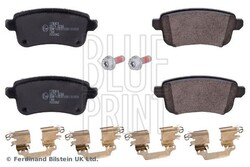 BLUE PRINT Bremsbelagsatz, Scheibenbremse ADBP420093 passend für NISSAN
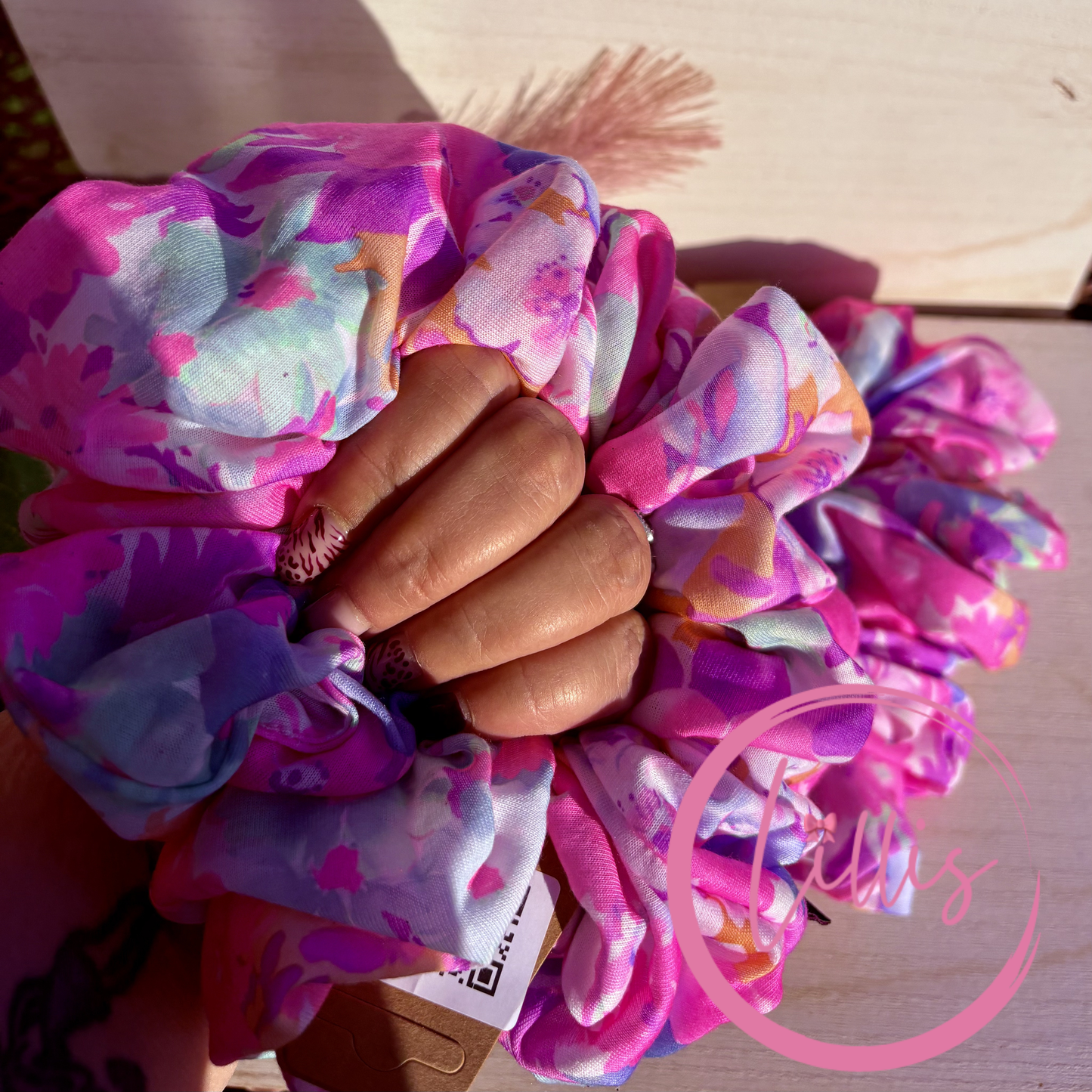 XXL Stretch Jersey Patterned Scrunchies | Handmade in Manchester | Bold, Sassy & Fun Hair Accessories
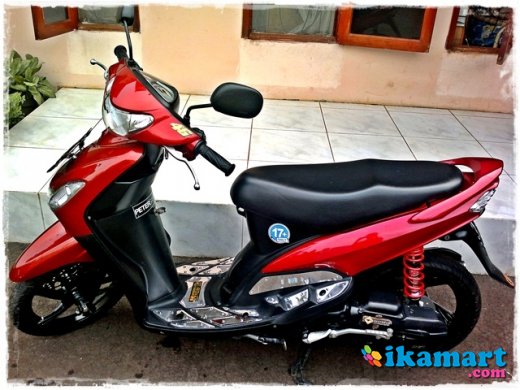 Jual Yamaha Mio Sporty CW Merah maroon (Mio smile) - Motor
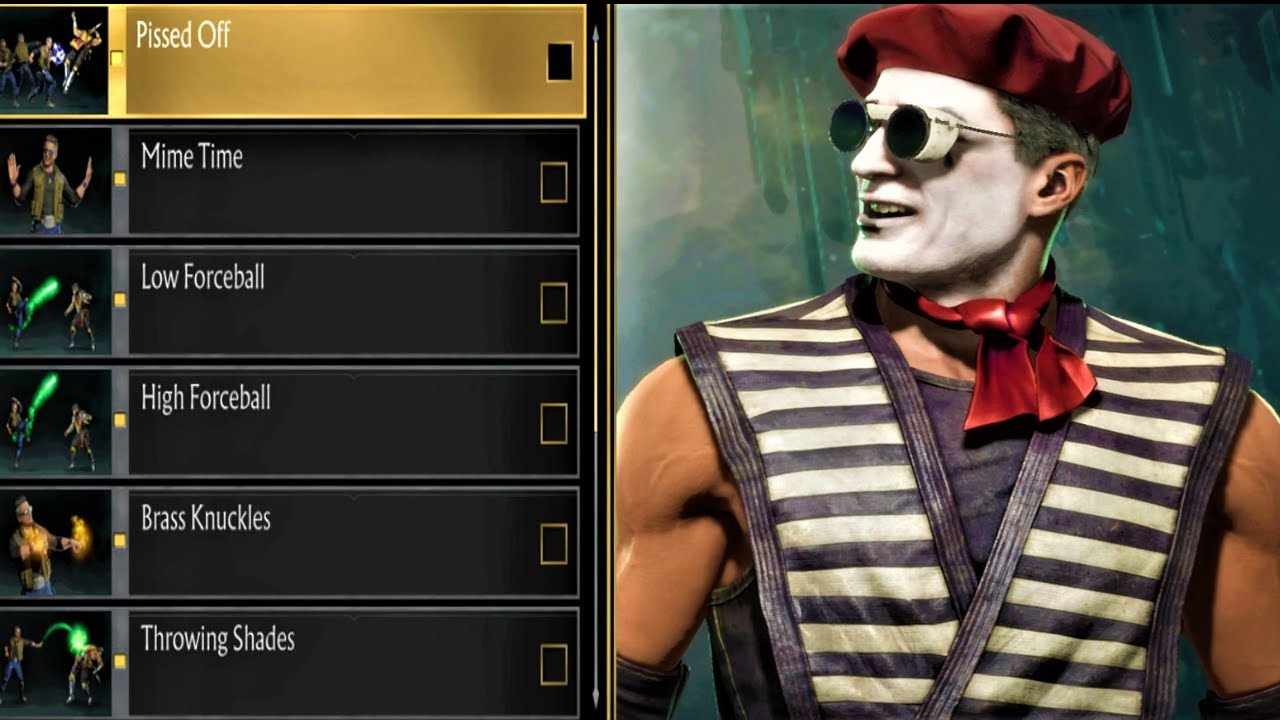 Mk11 - johnny cage Abilities Showcase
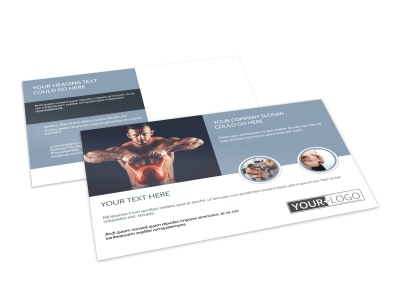 Body Transformation Program Postcard Template preview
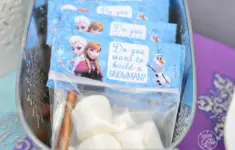 Free Printable Frozen Build A Snowman Kit Labels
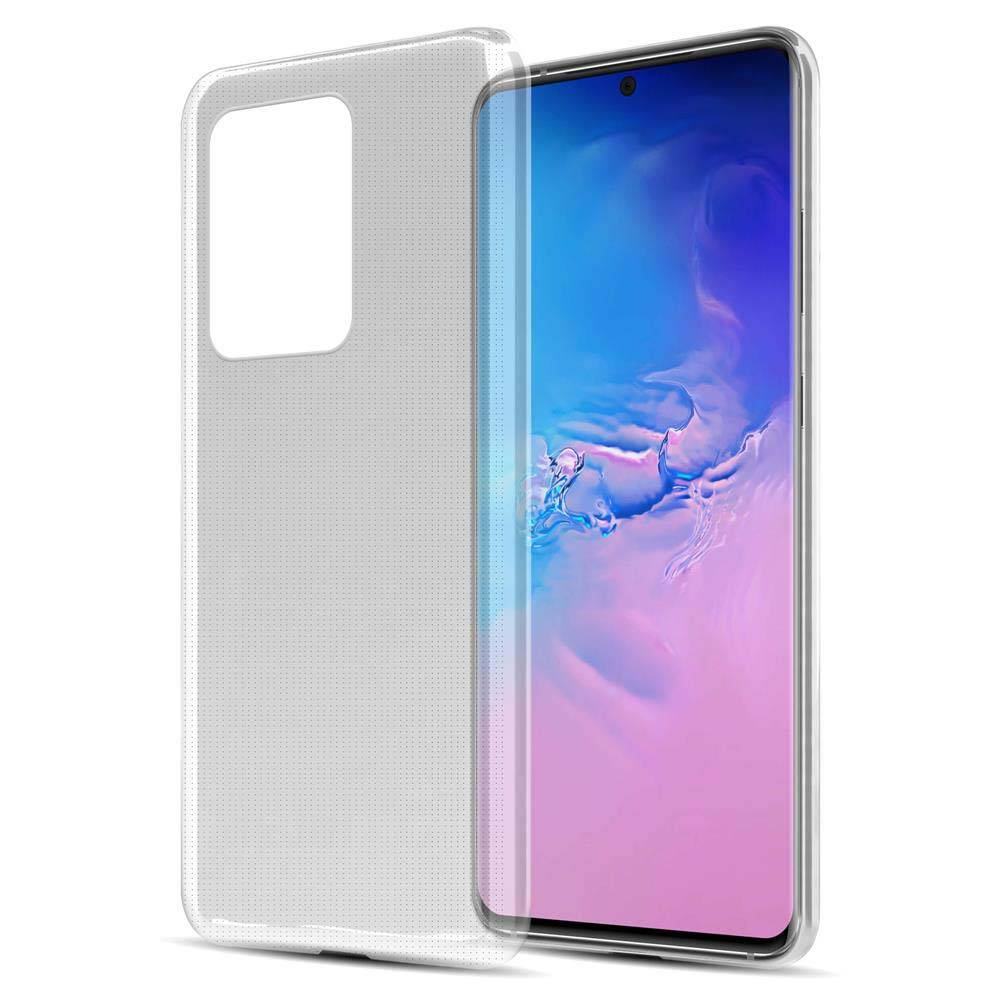 Cadorabo Hülle für Samsung Galaxy S20 ULTRA Schutz Hülle in Transparent Schutzhülle TPU Silikon Cover Etui Case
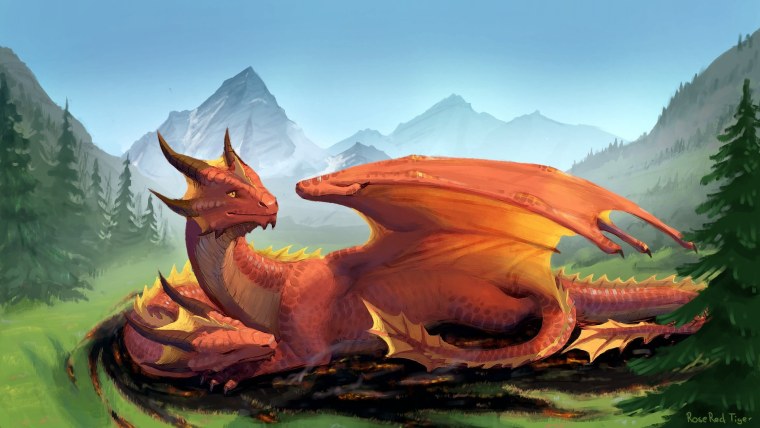 Красивый дракон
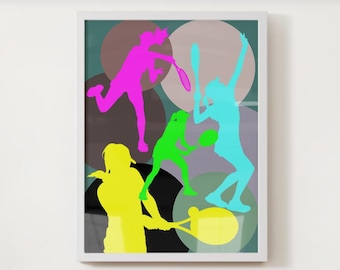Gymnastik Mädchen Print 4er Set Gymnastik Poster Sport Illustration Sport Wand Dekor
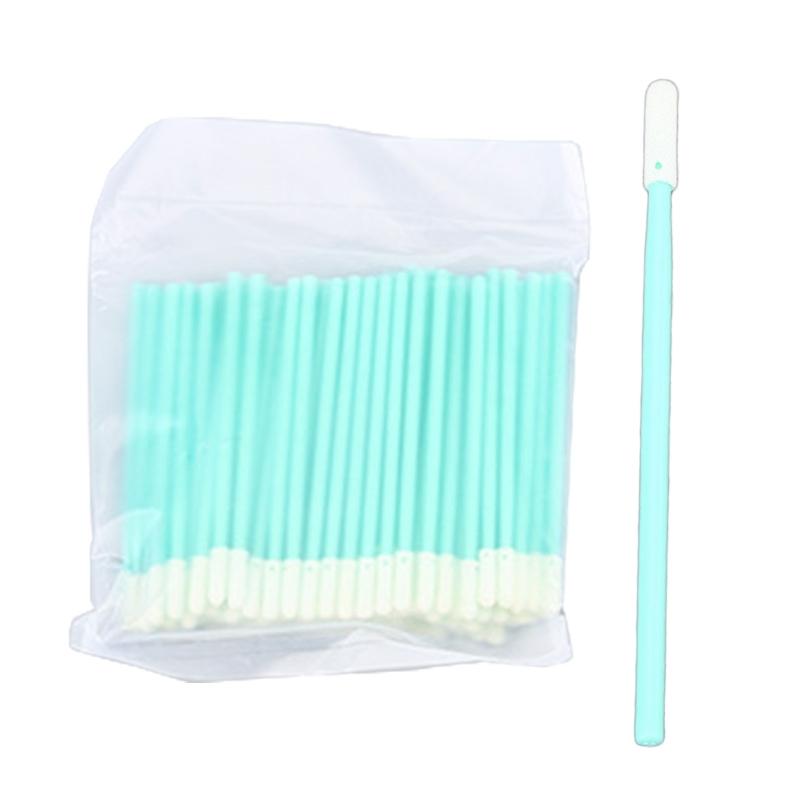 Pack Of 100 Fiber Visual Cleaning Swabs Not Shedding Particle Complimentary Fixed Absorption For / / / Couplings Camera Lens Maintenance Equipment
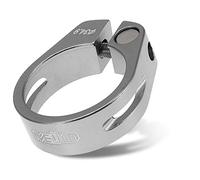 Abrazadera Para Poste De Bicicleta, Clip De Poste De Asiento De Bicicleta De Aleación De Aluminio De 34,9 Mm Para Bicicletas De Montaña y Carretera Bloqueo De Poste De Asiento De Bicicleta (Titanio)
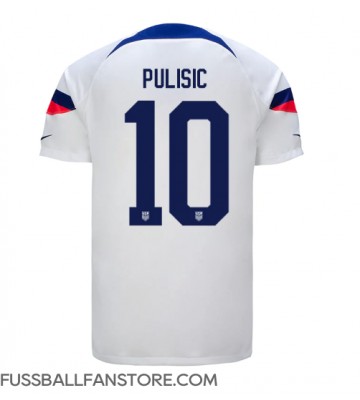 Vereinigte Staaten Christian Pulisic #10 Replik Heimtrikot WM 2022 Kurzarm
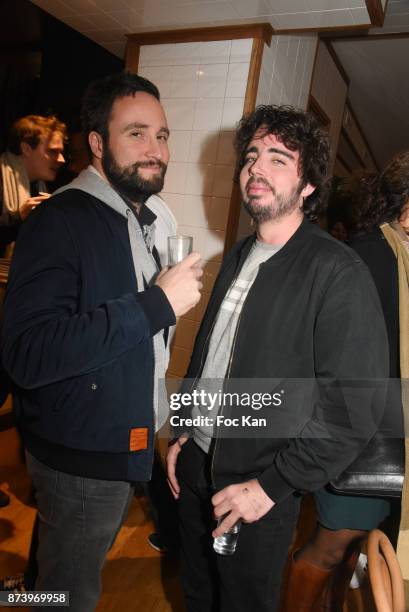 Eric Metzger and Arnaud Henry attend the Dinner at 'Le Bouillon' Restaurant as part 2 of 'Les Fooding 2018': Cocktail at Les Follies Pigalle 11 Place...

> **What to do**:
Only lines belong in the copy: transcribe those from the start of the data through the line that contains "Mk11 - johnny cage Abilities Showcase", and skip the pictures.

> **Response**:
 BLUE PRINT Bremsbelagsatz, Scheibenbremse ADBP420093 passend für NISSAN
 XXL Stretch Jersey Patterned Scrunchies | Handmade in Manchester | Bold, Sassy & Fun Hair Accessories
 Jual Yamaha Mio Sporty CW Merah maroon (Mio smile) - Motor
 Mk11 - johnny cage Abilities Showcase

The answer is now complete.